UNITED NATIONS (Reuters) - Britain on Wednesday criticized a United Nations probe into the March storming of a courthouse by U.N. and NATO troops in Kosovo that concluded that commanders had ignored cautionary advice from New York.
“While we do support an investigation, we don’t believe that all the facts were properly aired in this case,” British Deputy U.N. Ambassador Karen Pierce told reporters after a Security Council briefing about the matter.
U.N. police and NATO troops raided the U.N. court in the town of Mitrovica in northern Kosovo on March 17 to retake it from Serbs who had forcibly occupied the building three days earlier in protest at Kosovo declaring independence.
The report “does not sufficiently take into account the situation on the ground,” Pierce said.
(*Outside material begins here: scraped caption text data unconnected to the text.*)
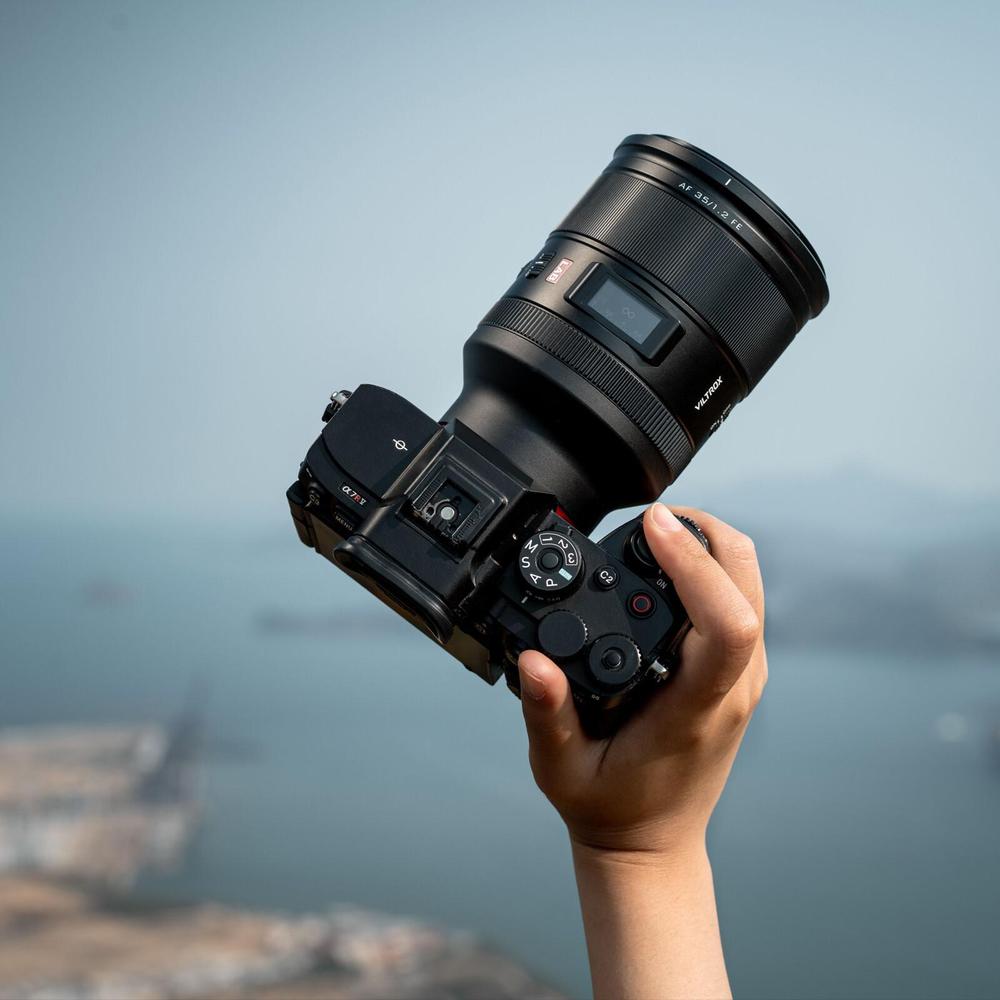 빌트록스 35mm F1.2E LAB 풀프레임 렌즈 (소 - Nikon Camera Z6 Iii 리뷰 및 가격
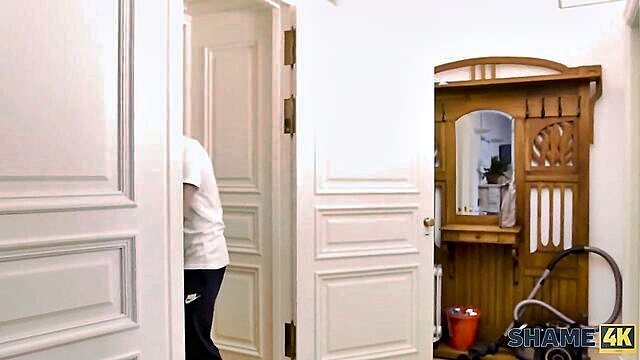shame4k russian cougar blows and rides in bathroom free xxx video : Shame4k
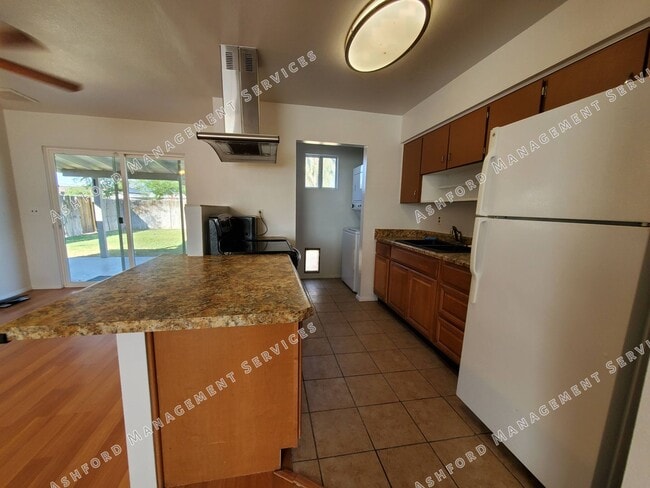 Building Photo - ***MOVE IN SPECIAL*** 3 BEDROOM HOME WITH HUGE BACKYARD/GARDEN AREA*LANDSCAPING INCL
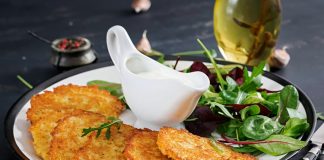 Kırım Tatar Mutfağı Kırım Tatar mutfağı, tarih boyunca farklı kültürlerin etkisiyle şekillenmiş köklü bir yemek geleneğine sahiptir. Kırım Yarımadası, jeopolitik konumu nedeniyle Türk, Rus, Bizans, Osmanlı ve Karadeniz çevresindeki topluluklarla etkileşim içinde olmuş, bu da mutfak kültürünü oldukça zenginleştirmiştir. Tarihi göçler ve ticaret yolları üzerinden taşınan baharatlar, tahıllar ve pişirme teknikleri, Kırım Tatar sofralarında kendine özgü bir birleşim yaratmıştır. Konulu bir haber görseli.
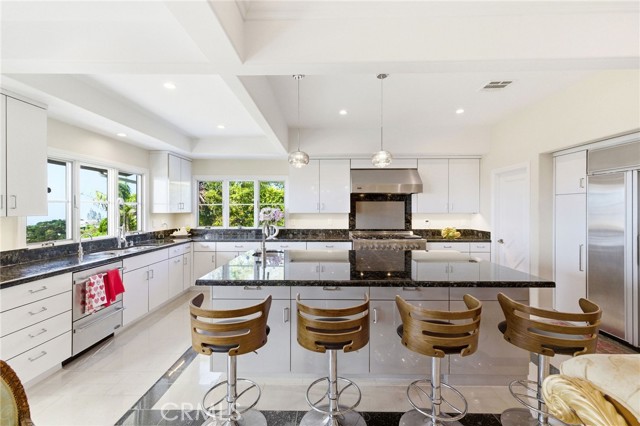 1400 Via Arco, Palos Verdes Estates, California 90274, 4 Bedrooms Bedrooms, ,1 BathroomBathrooms,Residential,For Sale,Via Arco,PV26073869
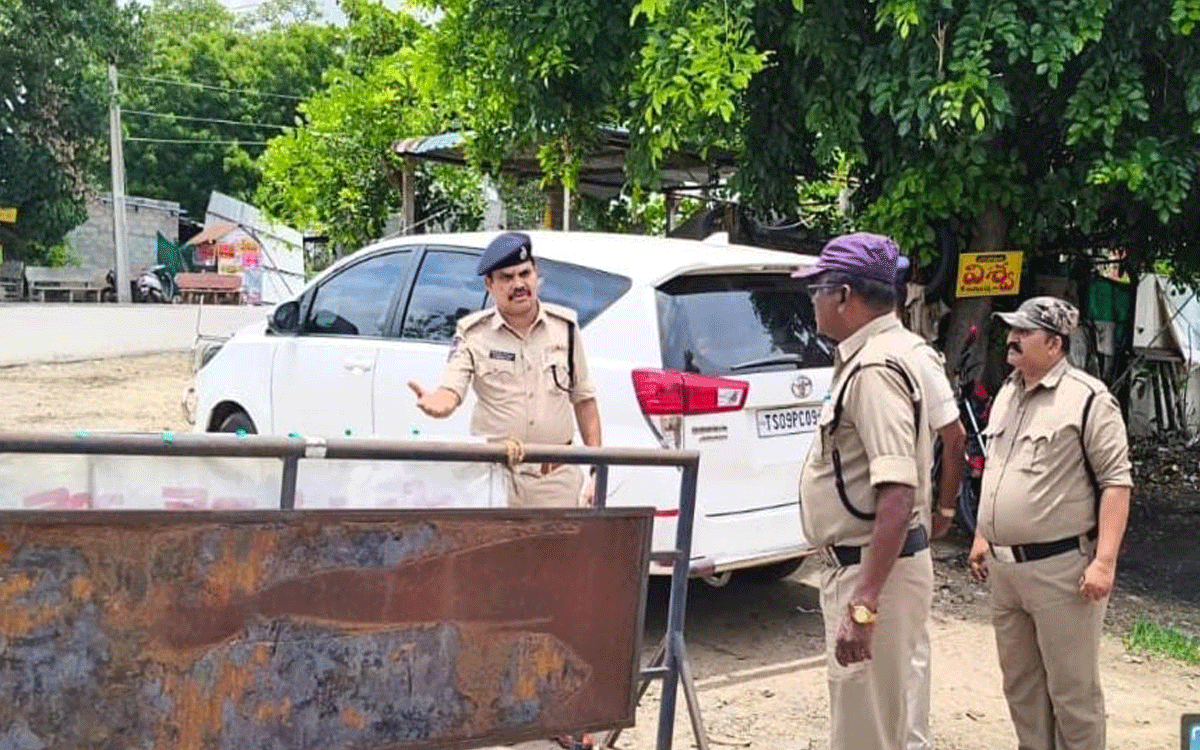 Bonakal : పశువుల అక్ర‌మ ర‌వాణాపై క‌ఠిన చ‌ర్య‌లు : అడిష‌న‌ల్ డీసీపీ ప్ర‌సాద్‌రావు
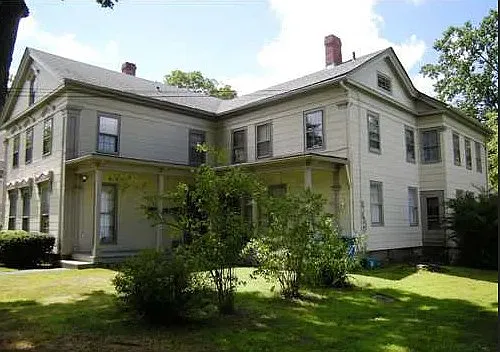 Building Photo - 268 S Main St #3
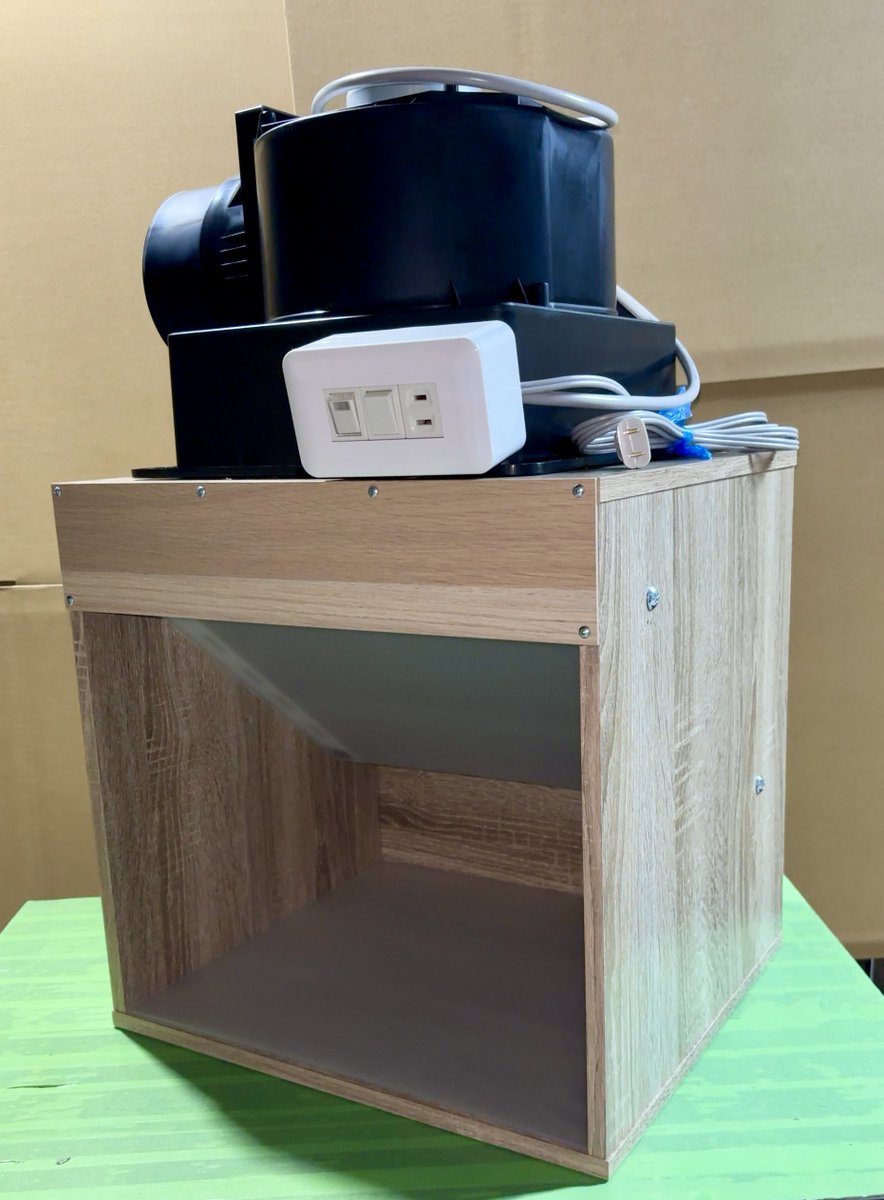 ご注文いただいたミドルエンドプラスの天井設置型塗装ブースを発送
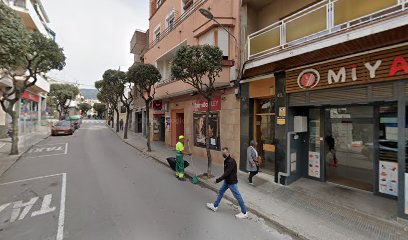 Farmacia en C/ dels Arbres, 41 Olesa de Montserrat Barcelona 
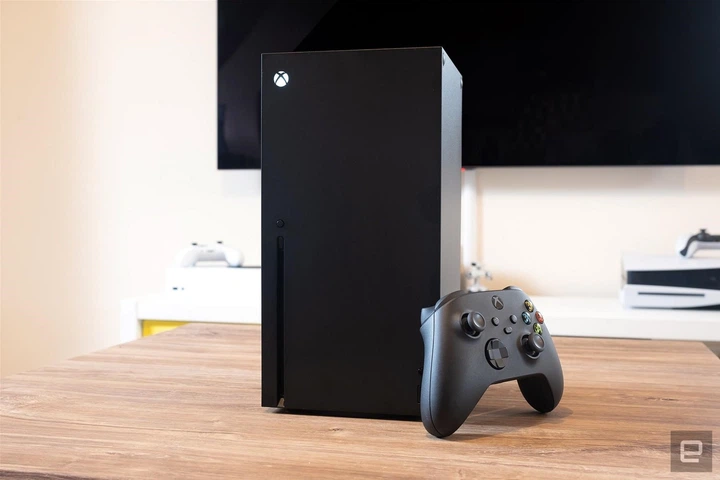 Konsola Microsoft Xbox Series X (RRT-00010) - obraz 4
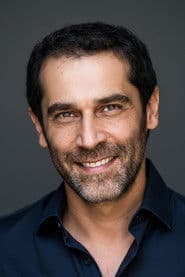 Caner Kurtaran as Sadık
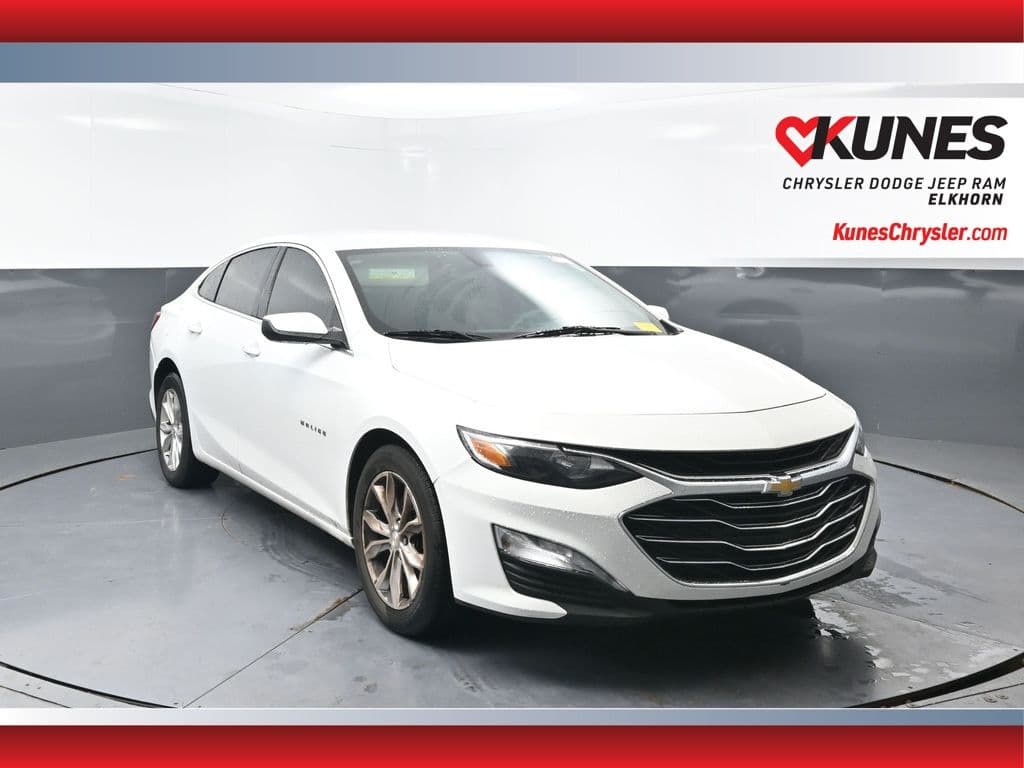 2019 Chevrolet Malibu LT — photo 1 of 32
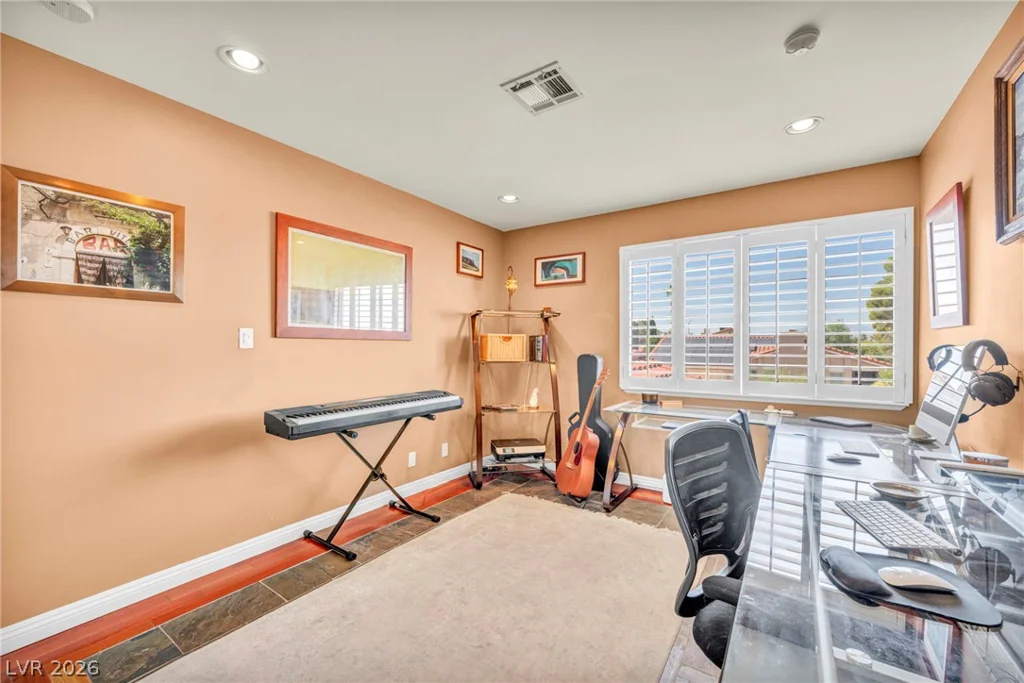 8701 Isola, Las Vegas, NV 89117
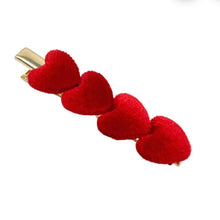 Load image into Gallery viewer, Velvet Heart Alligator Clips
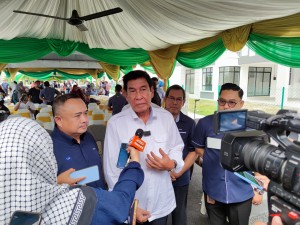 elvina-balik-pulau-key-handover4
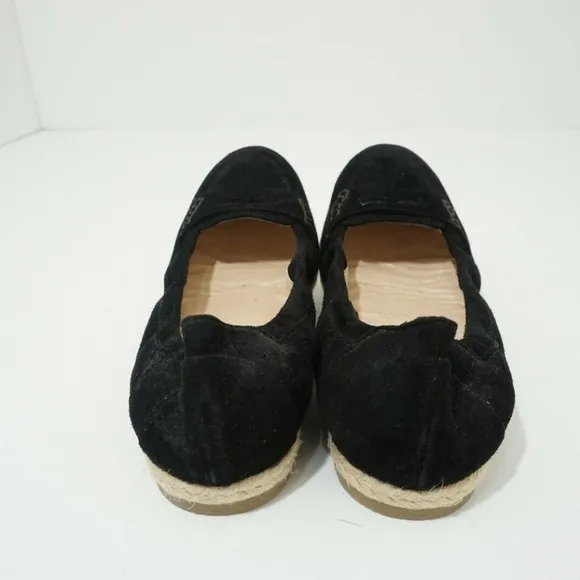 Amalfi by Rangoni Balck Suede Casual Flats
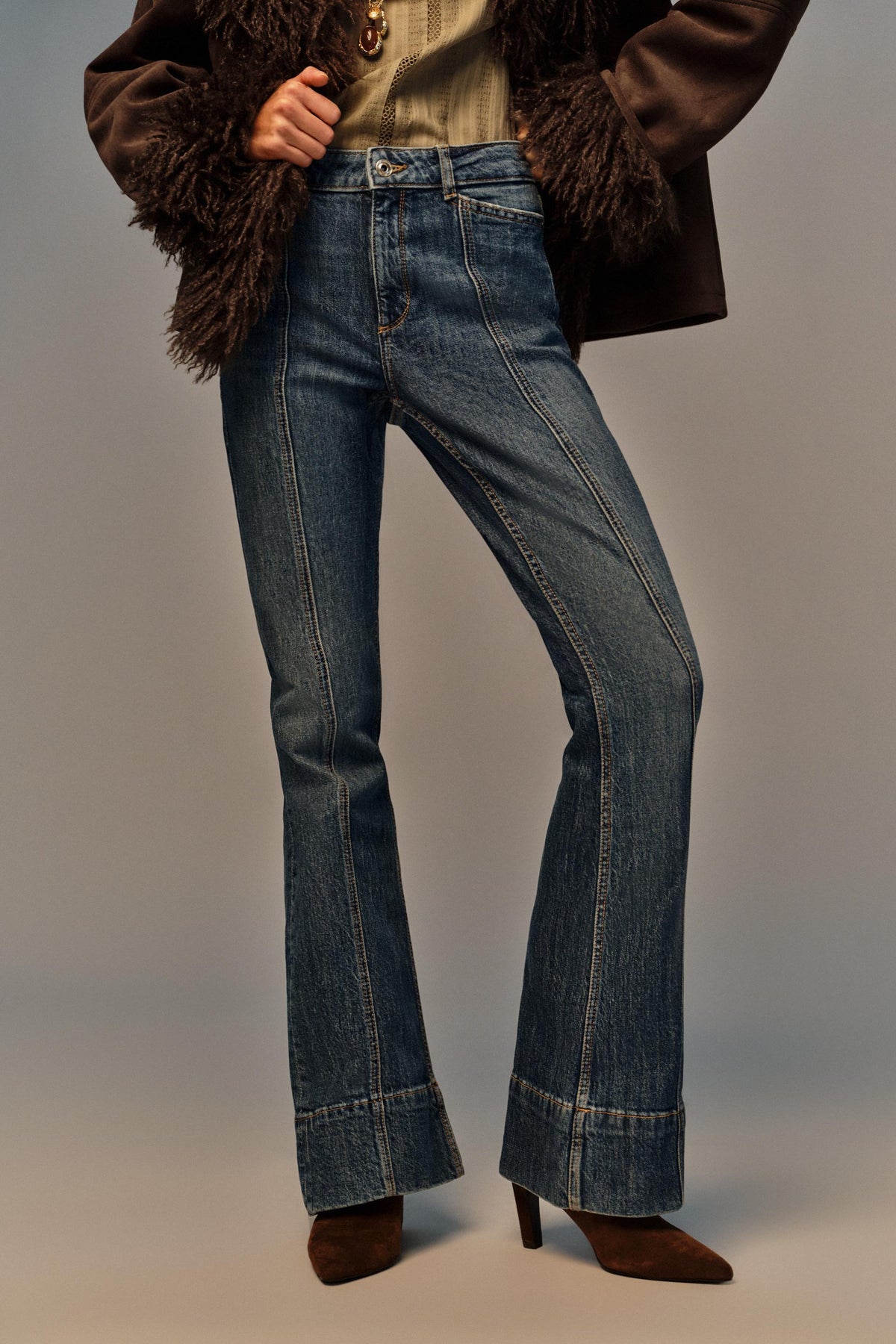 Flare seam mid-waist jeans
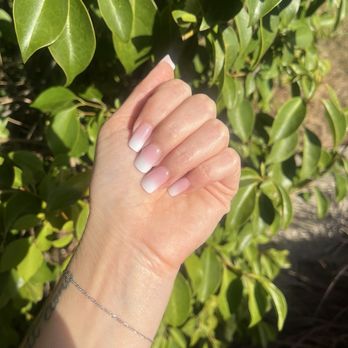 Lavish Nails Salon - Nail Salons Near Me - Martinez, California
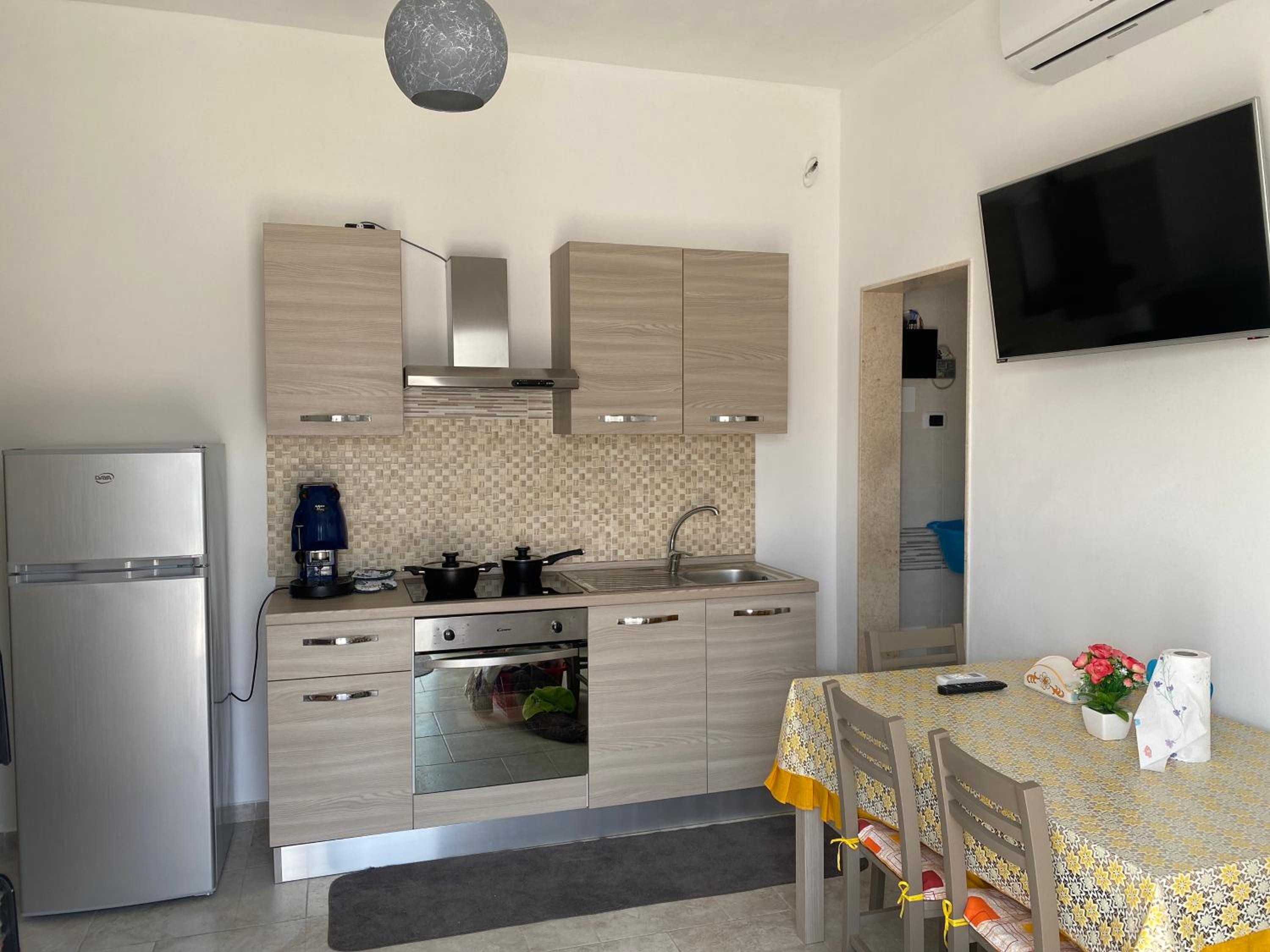 One-Bedroom House - Photo 3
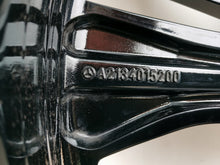 Laden Sie das Bild in den Galerie-Viewer, 1x Alufelge 18 Zoll 8.0&quot; 5x112 43ET A2134015200 Mercedes-Benz Rim Wheel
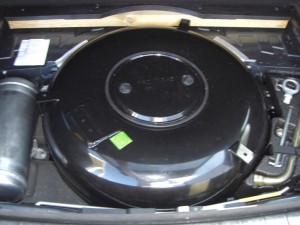 Autogas-Umruestung-LPG.Frontgas-Porsche-Cayenne-Tank-1024x768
“This was a premeditated attack on the international personnel in Kosovo,” she said. “The demonstrators had access to long-barrelled weapons, to petrol bombs, to grenades, these are not things found lying around the average courtroom.”
The notion that it was a “peaceful demonstration” that UNMIK — the U.N. mission in Kosovo — reacted “heavy-handedly” to was not correct, she said.
The violence during those clashes was the worst since Kosovo declared independence from Serbia in February. A 25-year-old Ukrainian U.N. policeman was killed by a grenade and a Serb protester was wounded.
Russia’s U.N. ambassador, Vitaly Churkin, has repeatedly criticized the raid and Western support for Kosovo’s secession. He said last week that the U.N. probe found commanders had ignored advice from U.N. headquarters against storming the building.
A written report on the investigation has not been released yet but Western U.N. diplomats confirmed what Churkin said.